**TASK STATEMENT:**
The reply must consist of the complete listing, reproduced exactly, with no images included.

**STORED DATA:**
++++++++

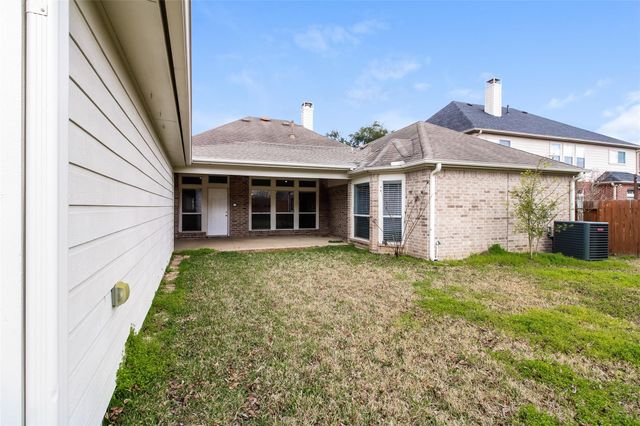 2006 Breezway Bend Lane, League City, TX 77573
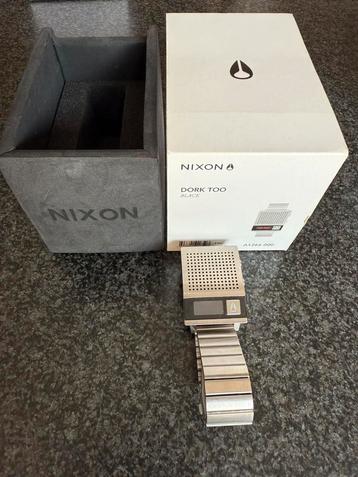 Nixon horloge beschikbaar voor biedingen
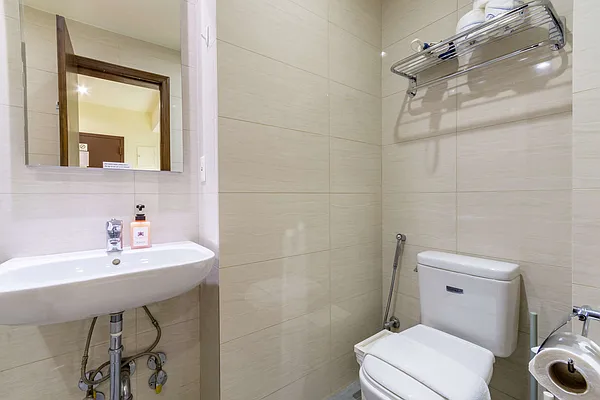 Rented by Townhouse Apartments | media 8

++++++++

**ANSWER TO THIS EXERCISE:**
 2006 Breezway Bend Lane, League City, TX 77573
 Nixon horloge beschikbaar voor biedingen
 Rented by Townhouse Apartments | media 8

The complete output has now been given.